▶ **Work instruction**:
Write every line below out again, exactly as given, but leave out the pictures.

[[ Records, beginning ]]

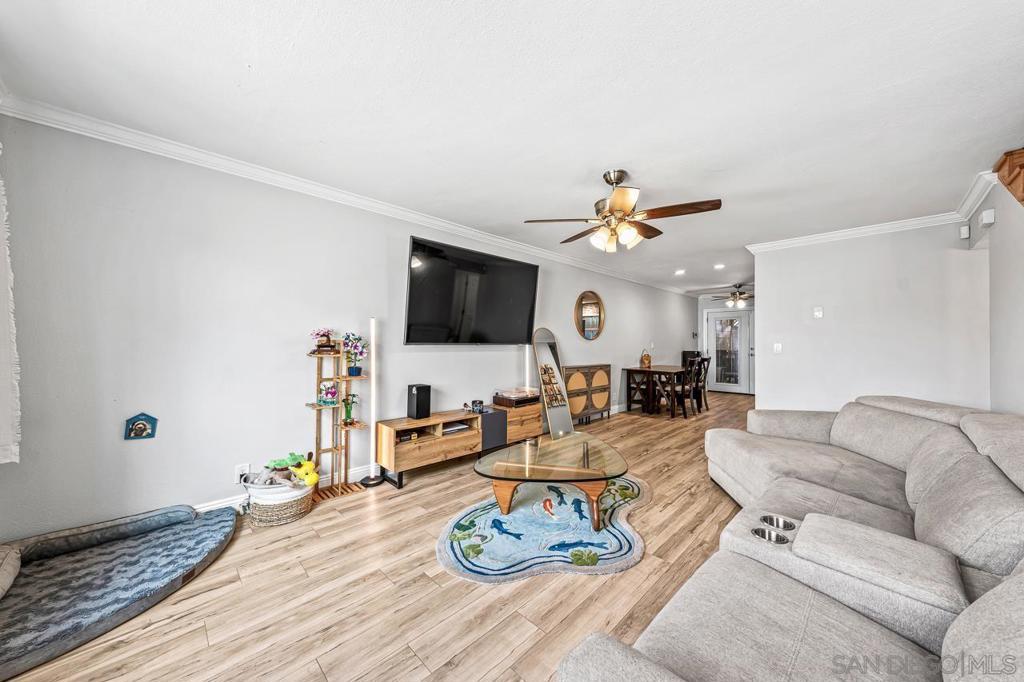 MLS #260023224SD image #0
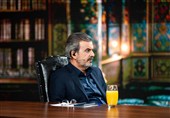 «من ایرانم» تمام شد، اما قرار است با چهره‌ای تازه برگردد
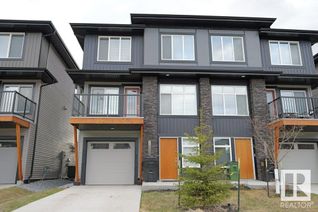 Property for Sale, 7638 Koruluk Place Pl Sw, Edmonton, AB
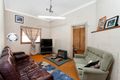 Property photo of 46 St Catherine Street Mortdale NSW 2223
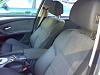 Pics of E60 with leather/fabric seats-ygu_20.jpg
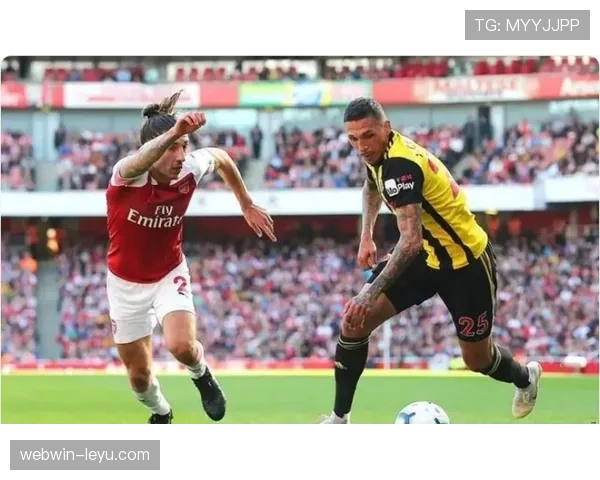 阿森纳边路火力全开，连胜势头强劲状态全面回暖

[[ Records, end ]]

▶ **Exercise answer**:
 MLS #260023224SD image #0
 «من ایرانم» تمام شد، اما قرار است با چهره‌ای تازه برگردد
 Property for Sale, 7638 Koruluk Place Pl Sw, Edmonton, AB
 Property photo of 46 St Catherine Street Mortdale NSW 2223
 Pics of E60 with leather/fabric seats-ygu_20.jpg
 阿森纳边路火力全开，连胜势头强劲状态全面回暖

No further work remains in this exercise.